Suddenly, he was interrupted by an exclamation from the communications officer.
“Captain, I’ve lost contact with Starfleet,” Uhura said. “I sent out the standard signal, but when I listened for their recognition call, a blast of QRM nearly blew out my eardrum.”
“Malfunction, Lieutenant?” Kirk asked.
“Checking now, sir,” she replied. Hesitantly, she replaced the earphone and bent over her panel. After a full five minutes of rapid checking, she straightened. “Negative, sir. Everything is in order, but there is something interfering on the sub-space bands.”
“That’s impossible,” Kirk said. “Helman, scan sub-space.”
The tall science officer bent over his console and moments later snapped upright with a look of surprise. “Computer!” he snapped, “check antenna and sensor circuits for malfunction.” He swung toward Kirk who had come out of his chair at Helman’s order to the computer. “Captain, you won’t believe this…”
“All sub-space sensors fully operational,” the computer said after a small pause.
“Put it on the main screen,” Kirk ordered.
As Helman complied, it was Kirk’s turn to feel surprise. The main screen showed a cloud-like formation, vast, pulsing, and ominous. It seemed to swell visibly toward Kirk, expanding outward evenly in all directions. Throughout it, hot spots and radiation peak points flared with rapidity and in close proximity to one another; it seemed as if the bridge crew was peering into the heart of an exploding sun.

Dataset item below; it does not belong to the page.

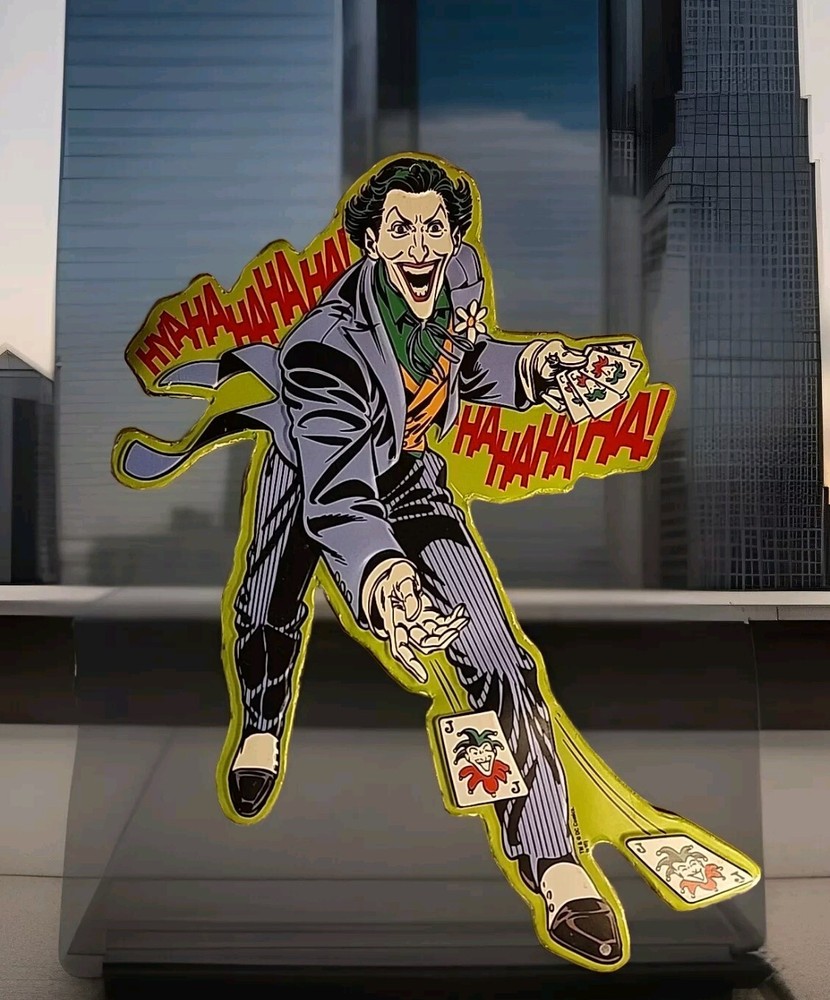 DC Comic Joker Metal Die Cut-Out Sign Decor Open Road Brands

“What is that?” Kirk asked.
Helman, looking puzzled, tried to answer. “It’s radiation, sir, and it must be a sub-space aspect of the front we’ve been tracking, but what it’s doing down there is beyond me.”
“Captain,” Chekov said, “it’s moving toward us at Warp Ten!”
Kirk stared at Chekov for a moment. “Warp Ten?” He glanced back at the visual monitor. “Whatever it is, Mr. Helman, it’s beyond me, too.” Looking at Chekov, Kirk said, “Prepare a course, Ensign, 246, Mark 347. Mr. Sulu, we’ll move out at Warp Factor Six as soon as the survey party is aboard. Uhura, once we’re out of this hash, contact Starfleet, give them a position report, and transmit full information on this radiation.”
As the navigator and the helmsman began laying in the course necessary to take the Enterprise out of harm’s way, Kirk stabbed a button on the arm of the command chair.
“Transporter room,” someone replied.
“This is the captain. Has the survey party been beamed up yet?”
“No sir,” the transporter officer replied. “They’re waiting for Commander Spock. Lieutenant Dawson just checked in and said he’s had no word from Mr. Spock all day. I was about to call you, sir.”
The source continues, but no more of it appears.